In your copy, repeat the records exactly and leave out the pictures.

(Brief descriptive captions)

◆ ◆ ◆ ◆ ◆ ◆ ◆

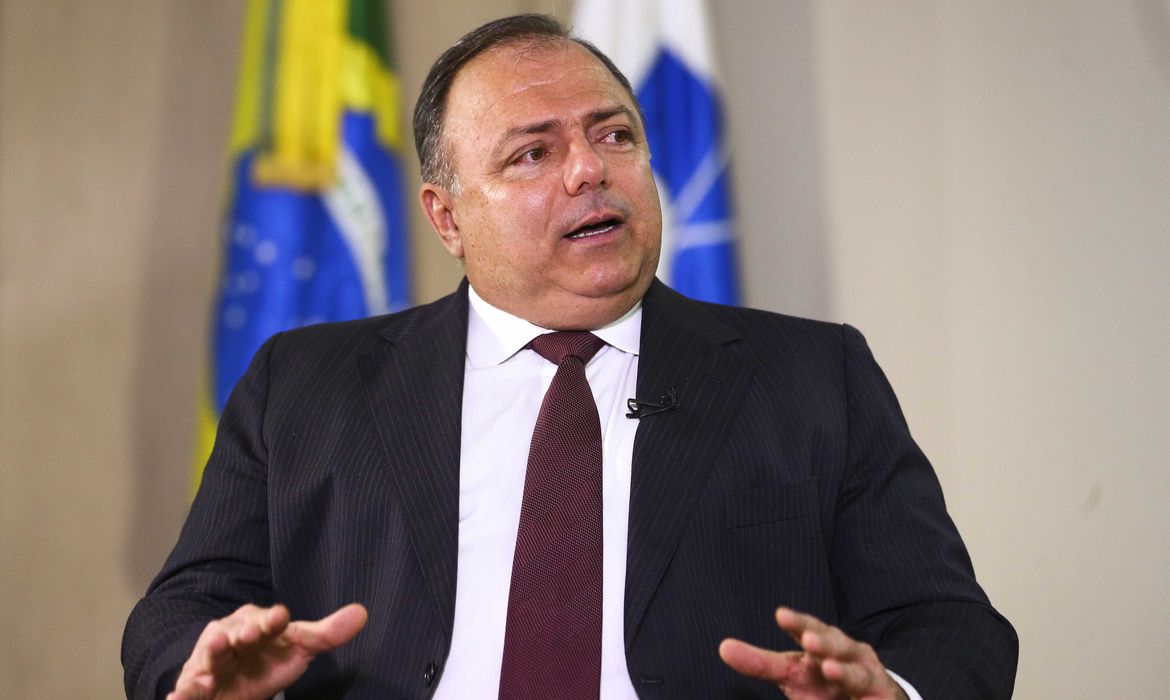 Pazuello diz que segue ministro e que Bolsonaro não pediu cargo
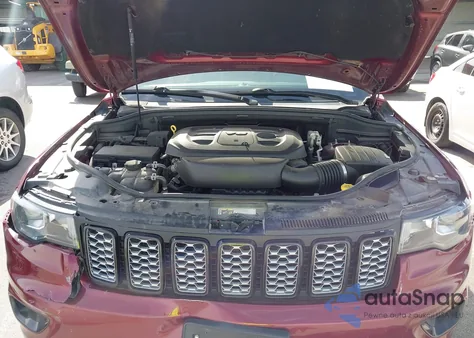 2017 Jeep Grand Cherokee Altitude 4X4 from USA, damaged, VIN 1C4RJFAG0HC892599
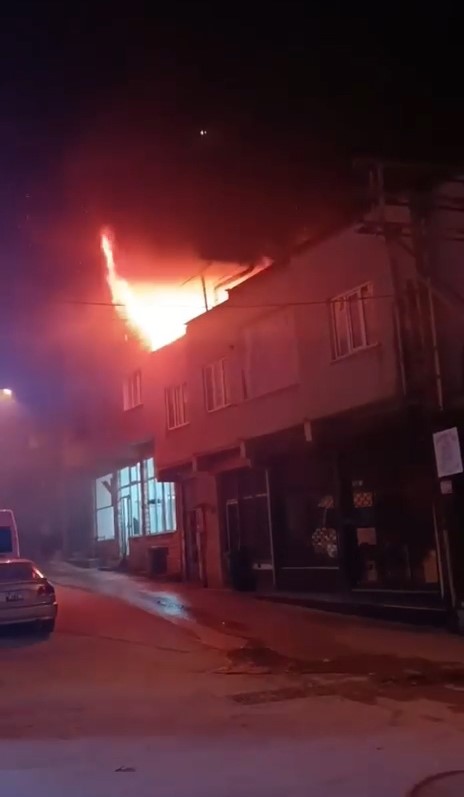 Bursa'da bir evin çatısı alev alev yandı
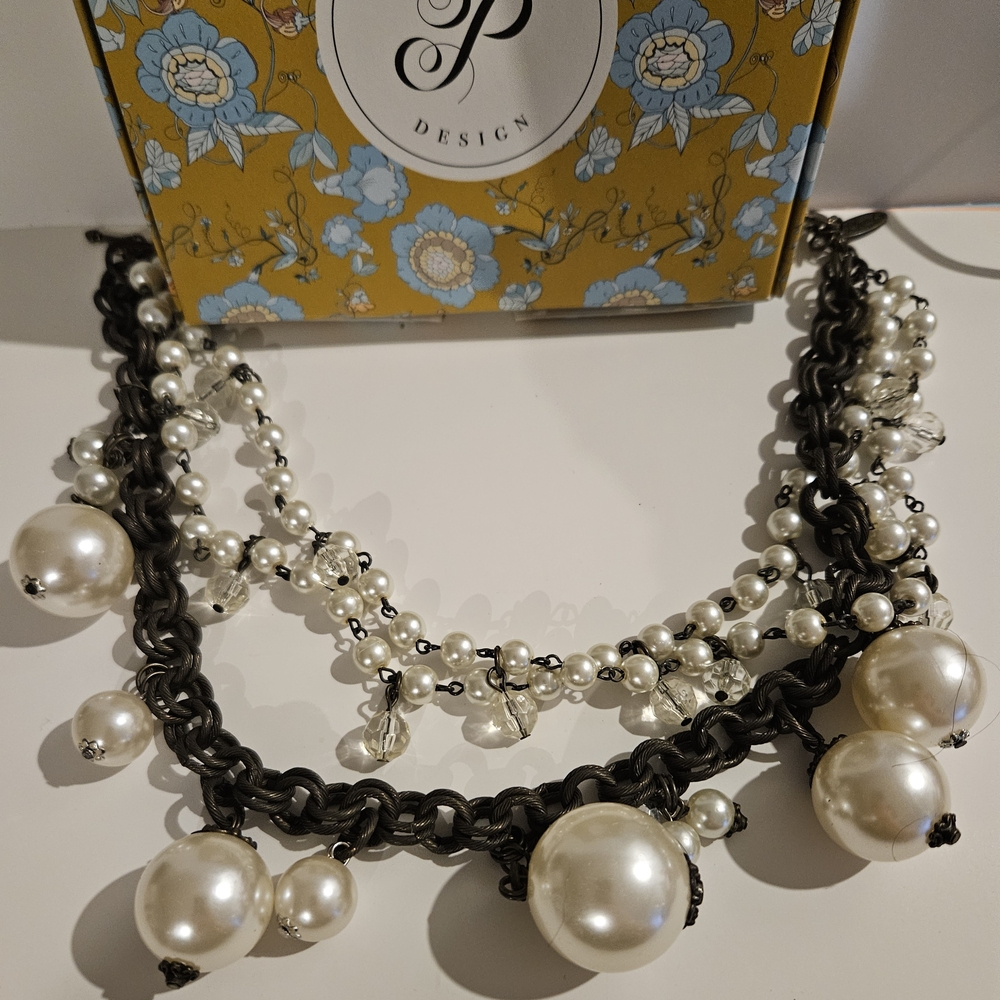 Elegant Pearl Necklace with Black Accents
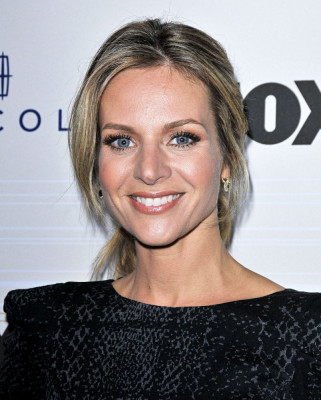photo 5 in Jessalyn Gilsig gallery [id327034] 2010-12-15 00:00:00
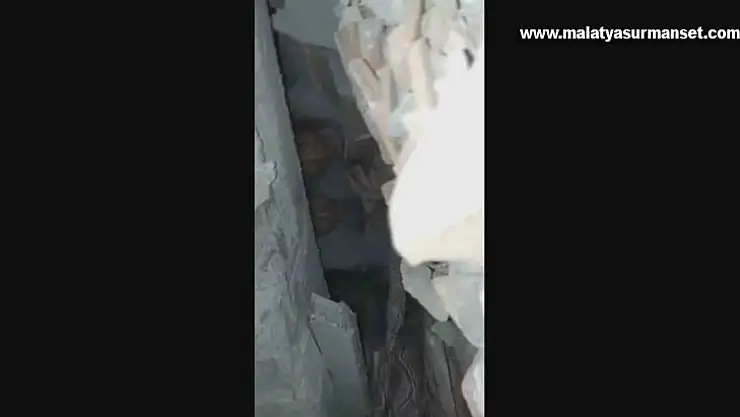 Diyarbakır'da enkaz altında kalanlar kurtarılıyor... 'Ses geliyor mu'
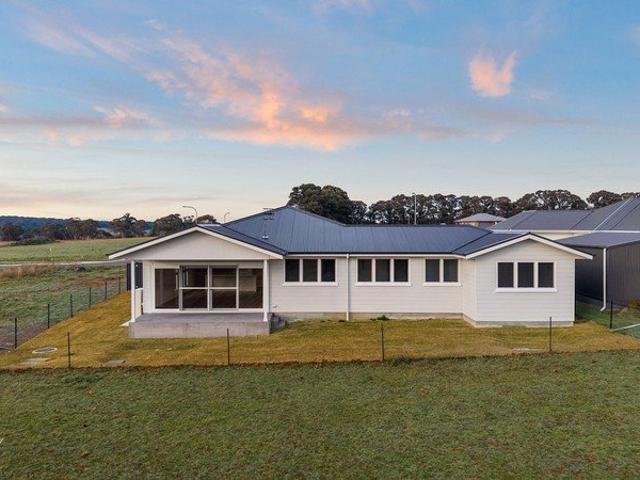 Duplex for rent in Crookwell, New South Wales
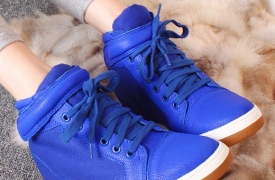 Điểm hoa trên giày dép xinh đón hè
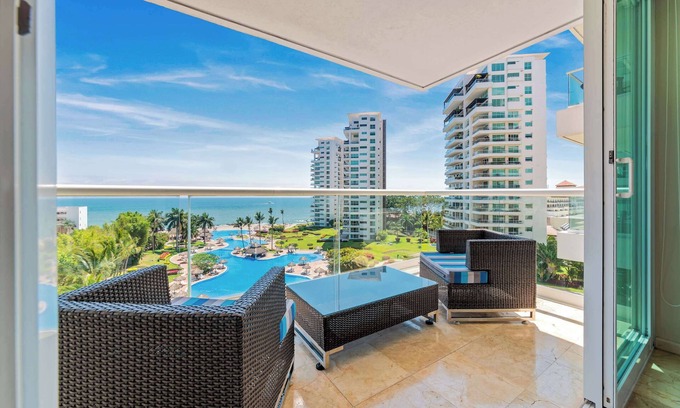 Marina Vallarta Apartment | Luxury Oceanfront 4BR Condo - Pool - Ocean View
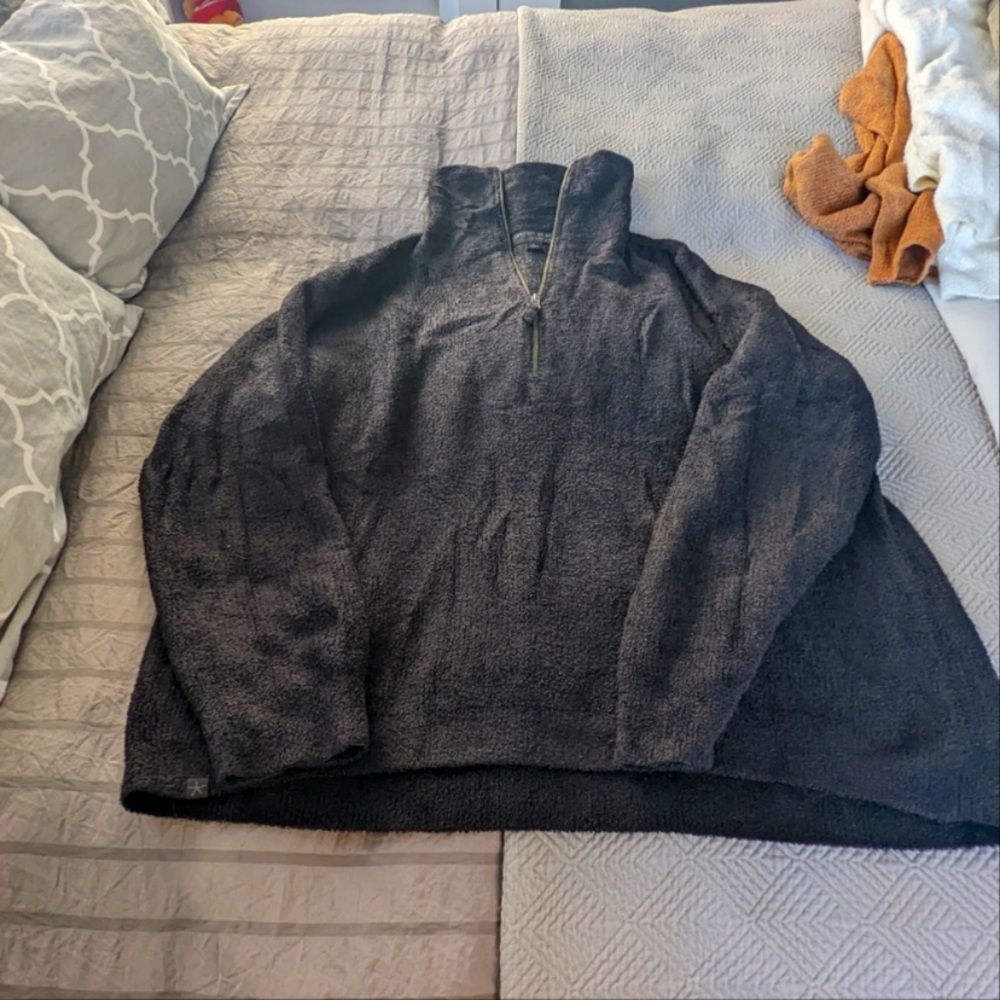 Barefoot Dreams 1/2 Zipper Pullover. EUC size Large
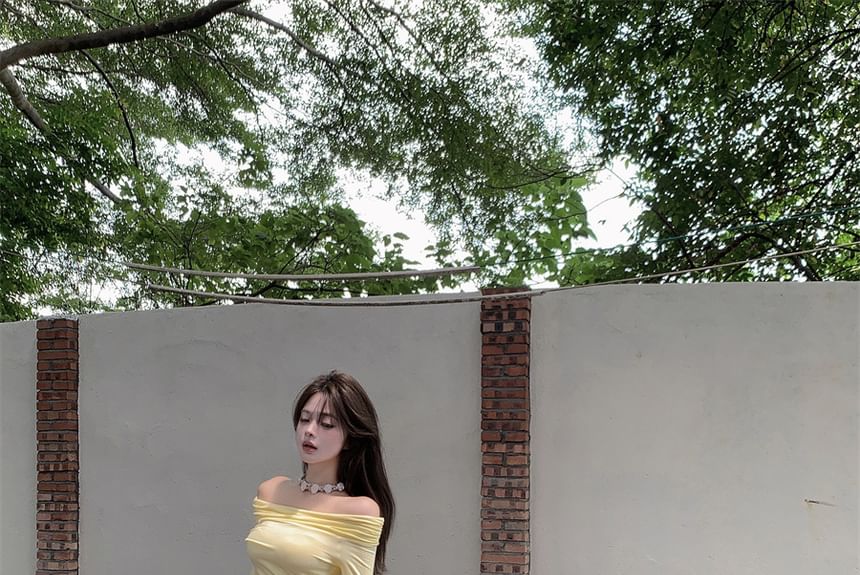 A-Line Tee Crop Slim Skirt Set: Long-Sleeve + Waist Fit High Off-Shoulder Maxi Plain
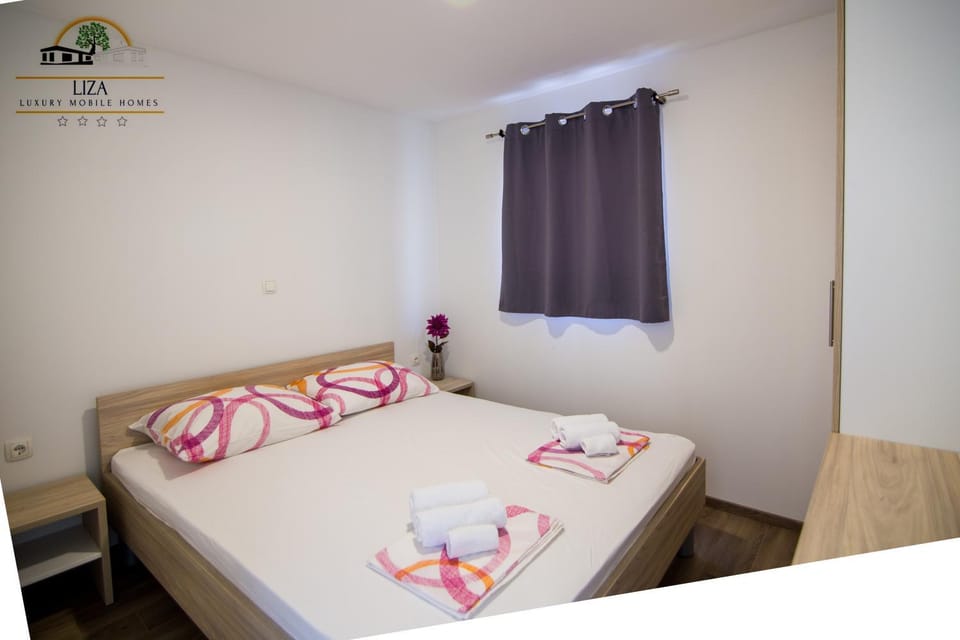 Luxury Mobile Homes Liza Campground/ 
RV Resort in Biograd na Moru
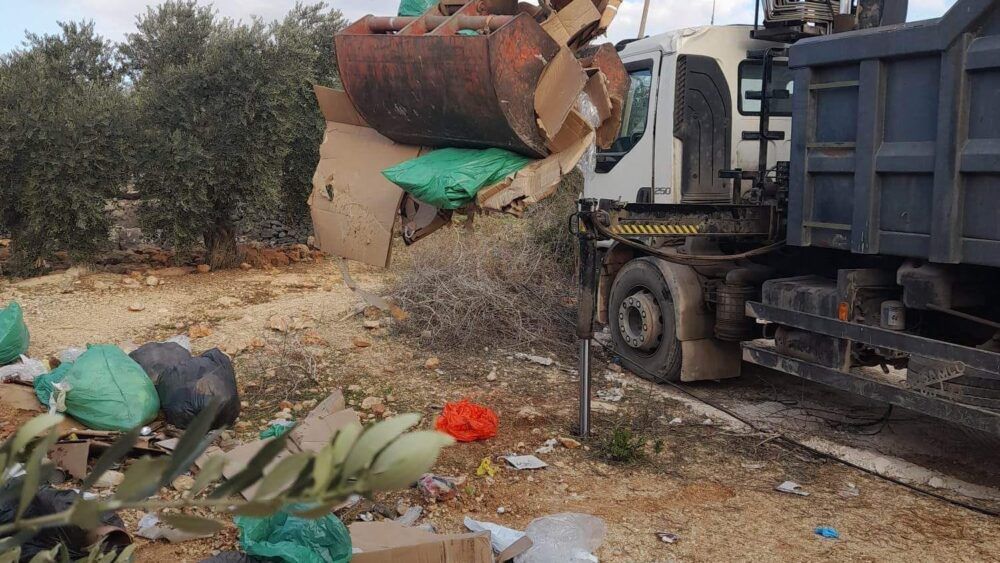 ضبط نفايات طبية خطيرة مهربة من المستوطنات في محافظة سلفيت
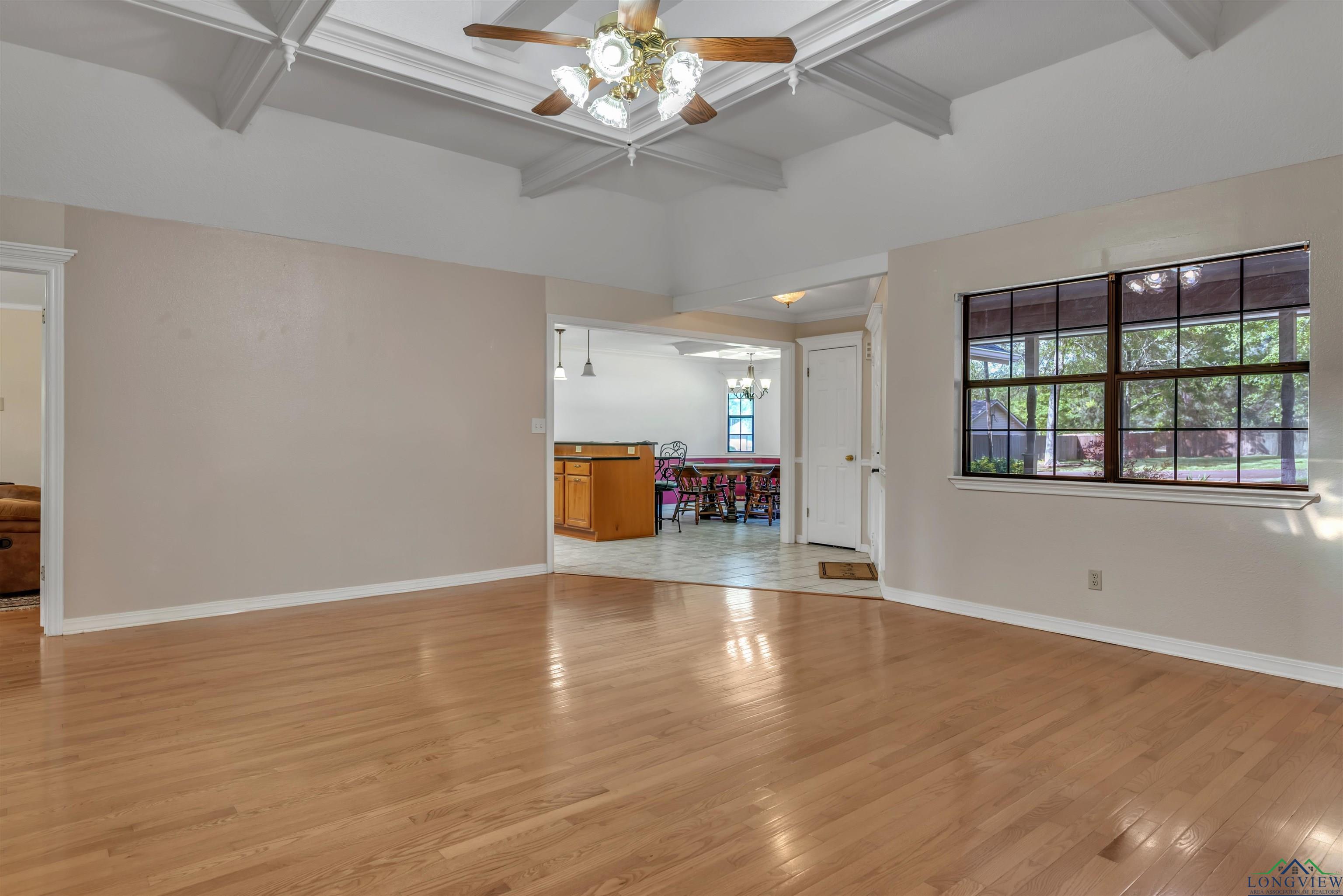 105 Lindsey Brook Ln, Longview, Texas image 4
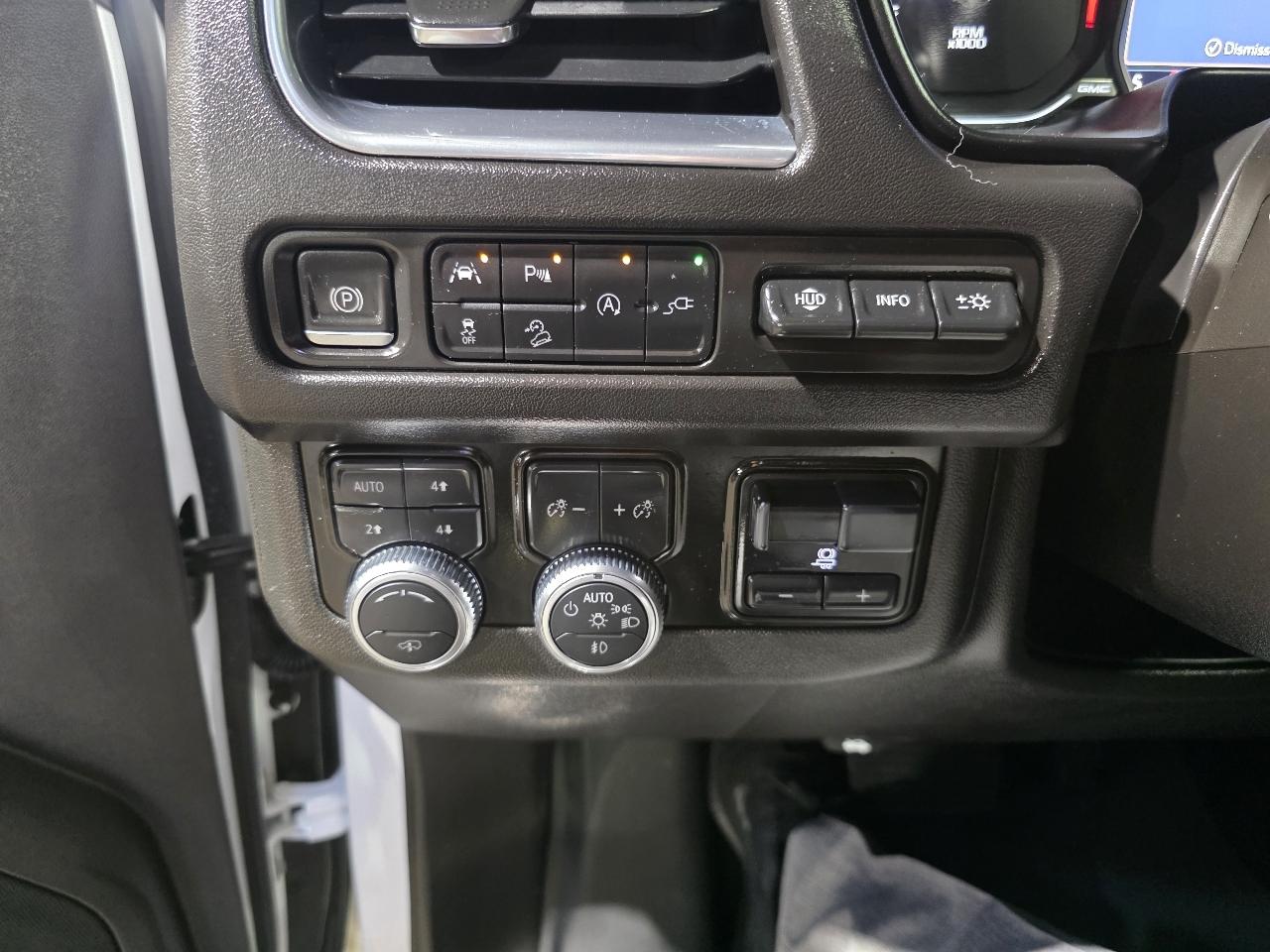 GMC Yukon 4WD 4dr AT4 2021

◆ ◆ ◆ ◆ ◆ ◆ ◆

_Output_
 Pazuello diz que segue ministro e que Bolsonaro não pediu cargo
 2017 Jeep Grand Cherokee Altitude 4X4 from USA, damaged, VIN 1C4RJFAG0HC892599
 Bursa'da bir evin çatısı alev alev yandı
 Elegant Pearl Necklace with Black Accents
photo 5 in Jessalyn Gilsig gallery [id327034] 2010-12-15 00:00:00
 Diyarbakır'da enkaz altında kalanlar kurtarılıyor... 'Ses geliyor mu'
 Duplex for rent in Crookwell, New South Wales
 Điểm hoa trên giày dép xinh đón hè
 Marina Vallarta Apartment | Luxury Oceanfront 4BR Condo - Pool - Ocean View
 Barefoot Dreams 1/2 Zipper Pullover. EUC size Large
 A-Line Tee Crop Slim Skirt Set: Long-Sleeve + Waist Fit High Off-Shoulder Maxi Plain
 Luxury Mobile Homes Liza Campground/ 
RV Resort in Biograd na Moru
 ضبط نفايات طبية خطيرة مهربة من المستوطنات في محافظة سلفيت
 105 Lindsey Brook Ln, Longview, Texas image 4
 GMC Yukon 4WD 4dr AT4 2021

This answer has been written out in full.